### WORK TASK
Write out exactly, please, the lines from the one containing "Emerald Check Large Canister" to the end of the material.

### RECORDS PROVIDED
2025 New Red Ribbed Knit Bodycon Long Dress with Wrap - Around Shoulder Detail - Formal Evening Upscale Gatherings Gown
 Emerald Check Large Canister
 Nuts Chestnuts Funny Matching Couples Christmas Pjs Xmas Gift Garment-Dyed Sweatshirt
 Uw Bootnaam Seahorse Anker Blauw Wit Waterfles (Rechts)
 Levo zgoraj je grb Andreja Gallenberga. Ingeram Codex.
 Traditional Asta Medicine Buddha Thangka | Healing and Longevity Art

### RESULT OF THIS TASK
 Emerald Check Large Canister
 Nuts Chestnuts Funny Matching Couples Christmas Pjs Xmas Gift Garment-Dyed Sweatshirt
 Uw Bootnaam Seahorse Anker Blauw Wit Waterfles (Rechts)
 Levo zgoraj je grb Andreja Gallenberga. Ingeram Codex.
 Traditional Asta Medicine Buddha Thangka | Healing and Longevity Art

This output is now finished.